Containers aren’t magic. They’re not some orchestration of wizardry happening in the kernel. They’re just namespaces and cgroups. That’s it. A namespace is a kernel feature that makes one group of processes see a different view of system resources than another group. A cgroup is a kernel mechanism that limits how many resources a group of processes can consume.

Docker, Podman, Kubernetes are all just sophisticated scripts that call unshare() and clone() under the hood. And honestly, once you understand how to build a container yourself with nothing but unshare and a bash shell, the mystique evaporates. You realize that containerization is less “advanced cloud magic” and more “clever use of kernel features that have been around since the early 2000s.”
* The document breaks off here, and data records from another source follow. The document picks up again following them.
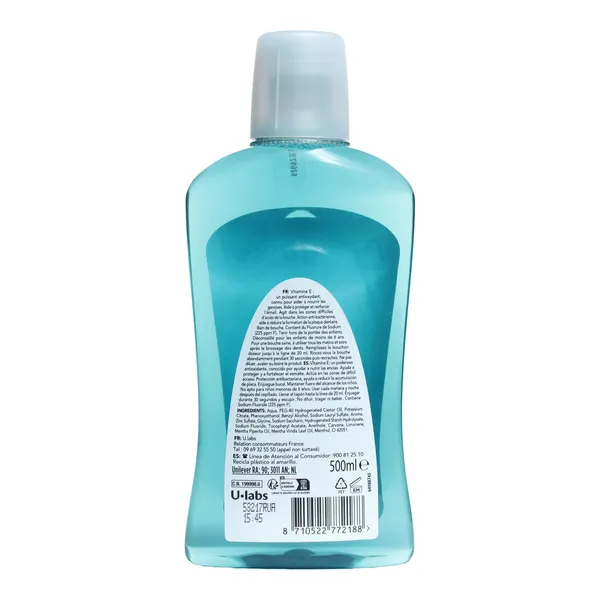 Parogencyl Bain de bouche Protection gencives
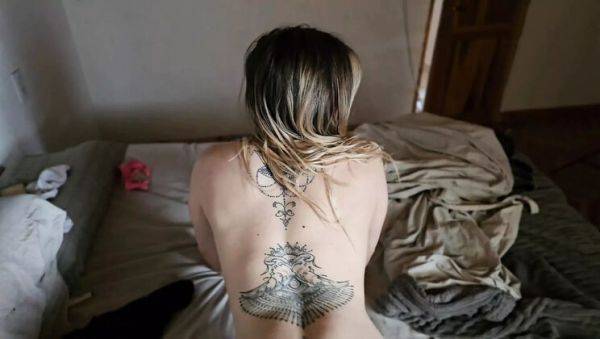 Enjoy watching full video named : Big Ass Teen Elnonohub Takes Keila Bassi's Big Dick in Anal POV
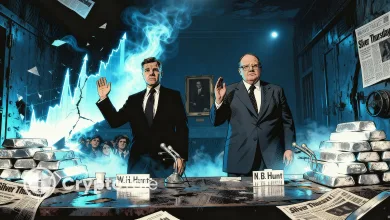 When Whales Go Too Far: The Hunt Brothers’ Legendary ‘Silver Thursday’ - PART I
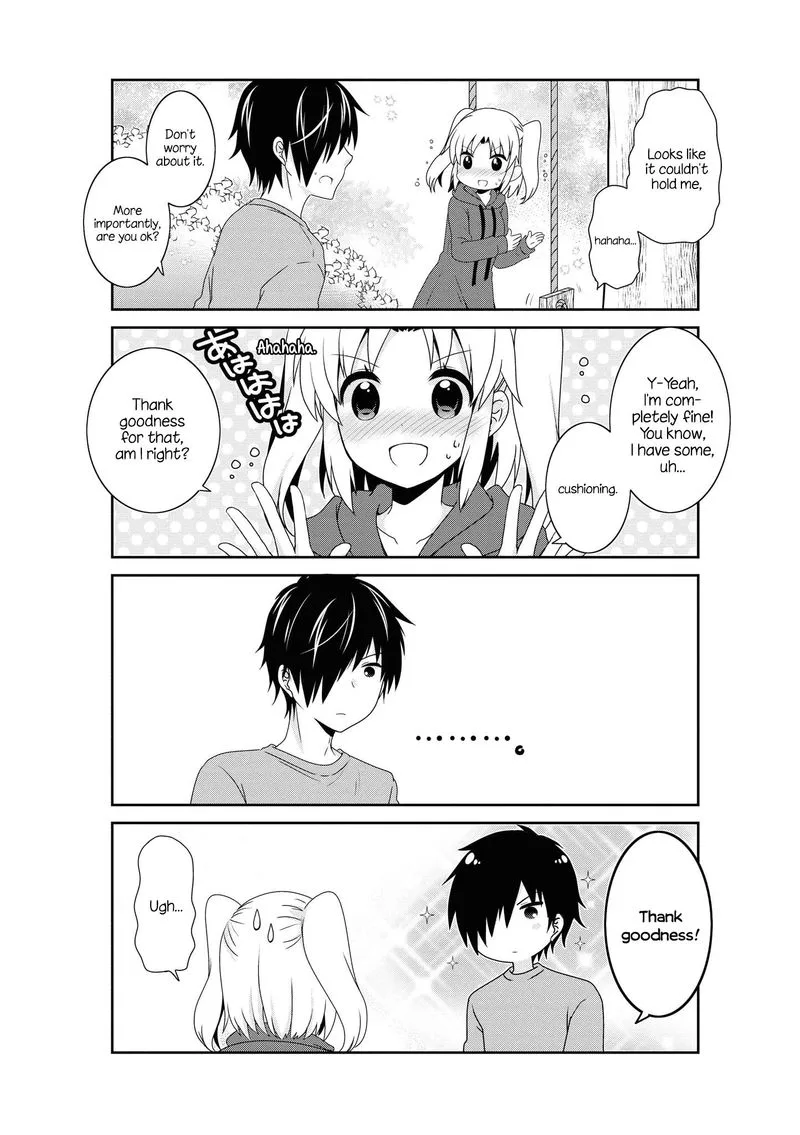 Mikakunin de Shinkoukei Chapter 130 page 11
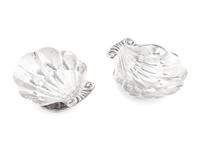 A Group of Five Continental and Canadian Silver Table Articles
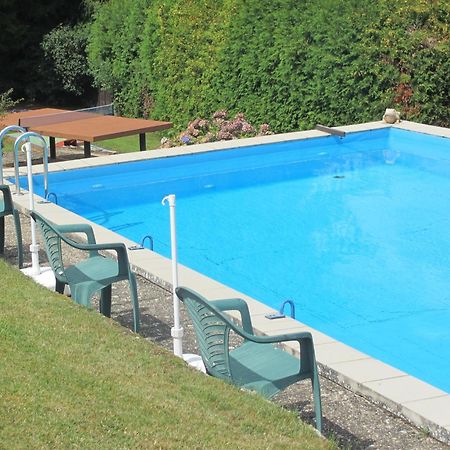 Pension Talblick Höchst im Odenwald Exteriér fotografie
We’re going to build a container from scratch using only Linux namespaces. No Docker. No libraries. Just you, the kernel, and some shell commands. By the end, you’ll understand what a container actually is, how to inspect namespaces on your own system, debug containerized processes from the host, and why containers aren’t the security boundary you might think they are.

The Eight Namespace Types

The Linux kernel offers eight namespace types. Each one isolates a different subset of system resources. Here’s the rundown:

PID Namespace

Isolates process IDs. Inside a PID namespace, processes see a different PID tree. The process that creates the namespace becomes PID 1 inside it, like its own init. Processes outside the namespace still exist, but the inside-processes can’t see them.
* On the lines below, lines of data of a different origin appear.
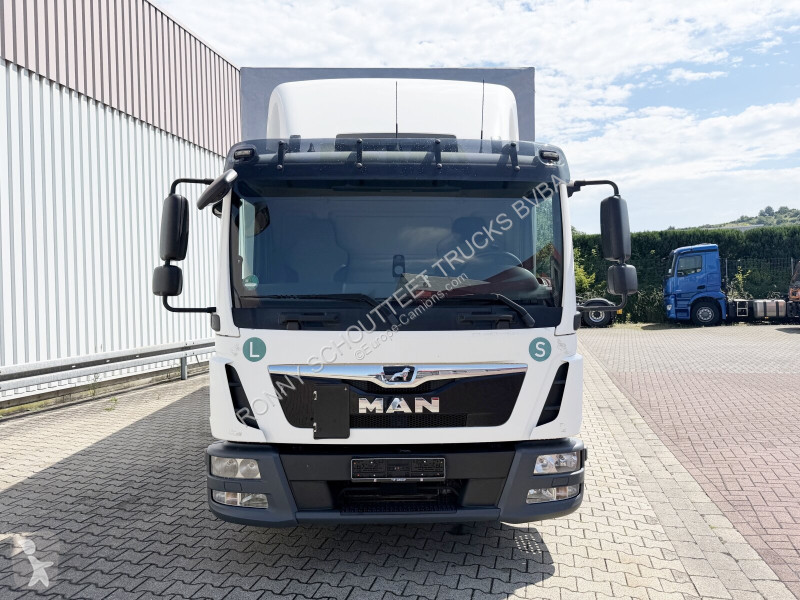 شاحنة MAN TGL 8.250 4x2 BL TGL 8.250 4x2 BL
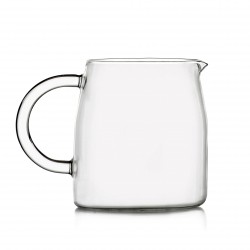 Low Jug With Handle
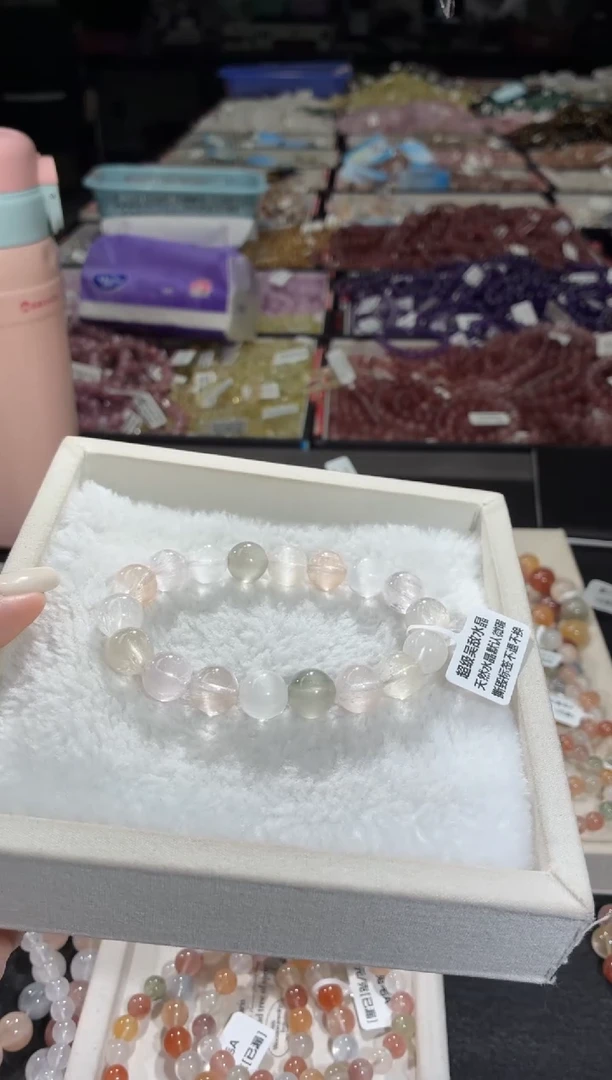 未镶嵌手链水晶310号 多样性发一N 11+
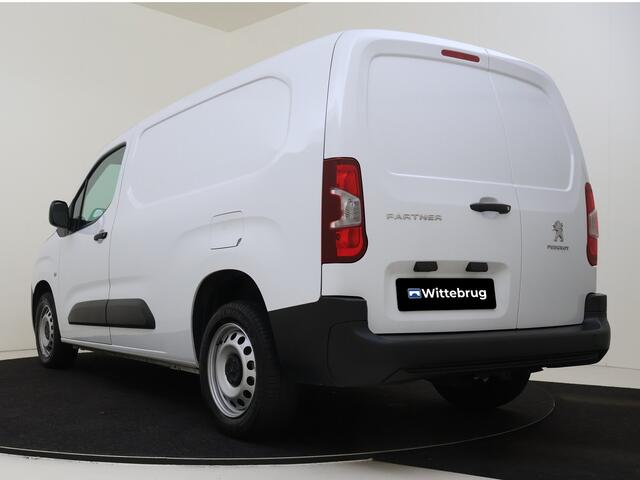Peugeot PARTNER 1.5 BlueHDi 100 S&S L1 | 3 Zits | Navigatie | Airco | MD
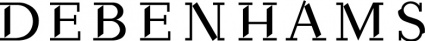 Debenhams logo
This is why docker run ubuntu ps aux shows only a handful of processes. Your host has 150+ processes running, but inside the container, you only see the ones that belong to that namespace.

Network (NET) Namespace

Isolates network interfaces, routing tables, firewall rules, and the loopback interface. Each NET namespace has its own view of ifconfig, ip route, and iptables. You can have two processes on the same host, both binding to port 8080, if they’re in different NET namespaces.

Docker uses this to give each container its own virtual network interface (usually a veth pair) and its own loopback.

Mount (MNT) Namespace

Isolates filesystem mounts. A process in one MNT namespace might see / as /var/lib/docker/overlay2/abc123/merged/, while the host sees / as the real root. You can mount filesystems, unmount them, change mount options, all without affecting other namespaces.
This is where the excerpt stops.